Gov. Carpenter has been regarded as a public speaker of more than ordinary ability, and has upon many occasions been the orator, and always appreciated by the people.

At the expiration of his second term as Governor Mr. Carpenter was appointed Second Comptroller of the United States Treasury, which position he resigned after a service of fifteen months. This step was an evidence of his unselfishness, as it was taken because another Bureau officer was to be dismissed, as it was held that Iowa had more heads of Bureaus than she was entitled to, and his resigning an office of the higher grade saved the position to another. In 1881 he was elected to Congress, and served with ability, and in the Twentieth General Assembly on Iowa he represented Webster County.

Gov. Carpenter was married, in March, 1864, to Miss Susan Burkholder, of Fort Dodge. No children have been born to them, but they have reared a niece of Mrs. Carpenters'.

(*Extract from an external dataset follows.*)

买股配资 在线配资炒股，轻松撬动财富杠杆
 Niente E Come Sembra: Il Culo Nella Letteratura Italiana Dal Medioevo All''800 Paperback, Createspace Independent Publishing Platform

During his entire life Mr. Carpenter has been devoted to the principles of Reform and the best interests of all classes of citizens who, by adoption or by birth-right, are entitled to a home upon our soil and the protection of our laws, under the great charter of " Life, Liberty and the Pursuit of Happiness." In an address in 1852 he took advanced views upon the leading subjects of public interest. He had already laid a foundation for that love of freedom which afterwards found an ample field of labor with the Republican party. There was nothing chimerical in his views. He looked at every strata of human society, and, from the wants of the masses, wisely devined duty and prophesied destiny. He would have the people of a free Republic educated in the spirit of the civilization of the age. Instead of cultivating a taste for a species of literature tending directly to degrade the mind and deprave the heart, thereby leading back to a state of superstitution and consequent barbarism, he would cultivate principles of temperance, industry and economy in every youthful mind, as the indispensible ingredients of good citizens, or subjects upon whose banner will be inscribed Liberty, Equality, Fraternity.

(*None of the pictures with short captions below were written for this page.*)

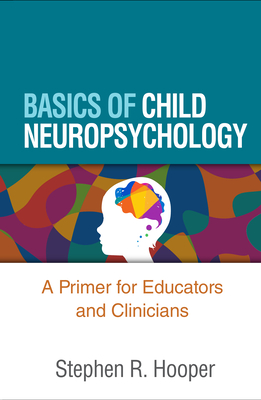 Basics of Child Neuropsychology: A Primer for Educators and Clinicians - Stephen R. Hooper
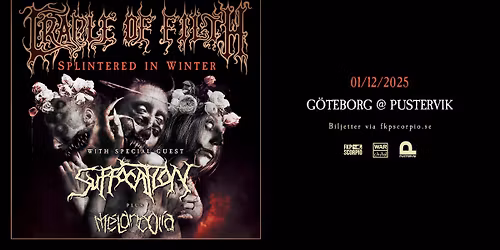 CRADLE OF FILTH + Support: Suffocation + M\u00e9lancolia | G\u00f6teborg
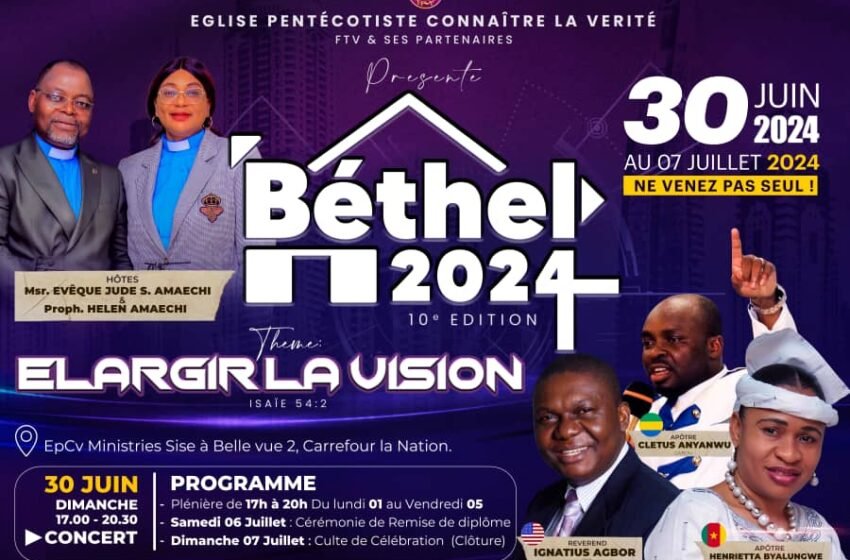 Annonce spéciale : La Convention Annuelle « BETHEL » de l&rsquo;Église Pentecôtiste Connaître la Vérité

Thus early in life Mr. Carpenter saw the destined tendency of our American institutions, and the advancing civilization of the age. He saw it in the peace congress, whose deliberations have made the Rhine thrice immortal. He saw it in the prospective railway, which he believed would one day unite the shores of the Atlantic with those of the Pacific--a fact realized by the construction of the great continental railway.

It was thus early that he began to study the wants of the world, and with what clearness and directness may be seen by the correctness of his vision and the accomplishment of what he considered an inevitable necessity.

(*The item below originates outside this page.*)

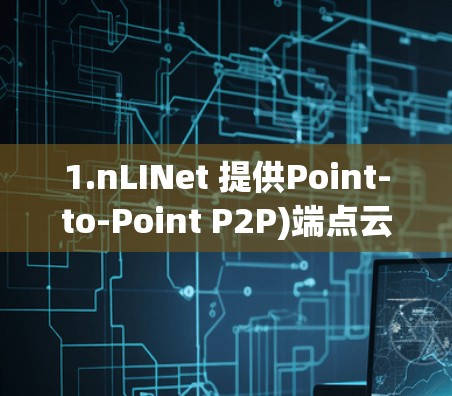 1.nLINet 提供Point-to-Point P2P)端点云和多点云等多种VPN服务,适合多种场景
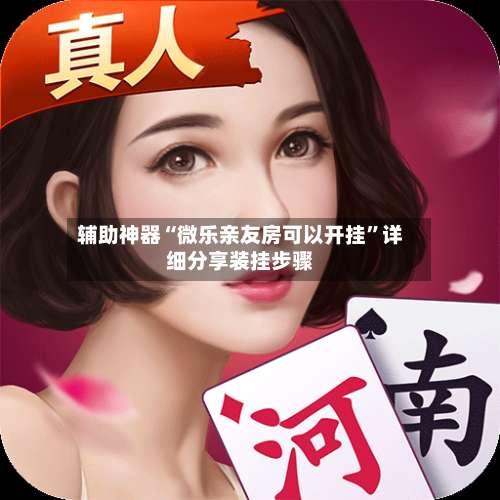 辅助神器“微乐亲友房可以开挂	”详细分享装挂步骤-第1张图片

Thus, growing into manhood, and passing onward in the rugged pathway of time, disciplined in political economy and civil ethics in the stern school of experience, he was prepared to meet every emergency with a steady hand ; to bring order of discord, and insure harmony and prosperity.

Gov. Carpenter is now engaged in the quiet pursuit of farm life, residing at Fort Dodge, where he is highly esteemed as one of her purest-minded and most upright citizens.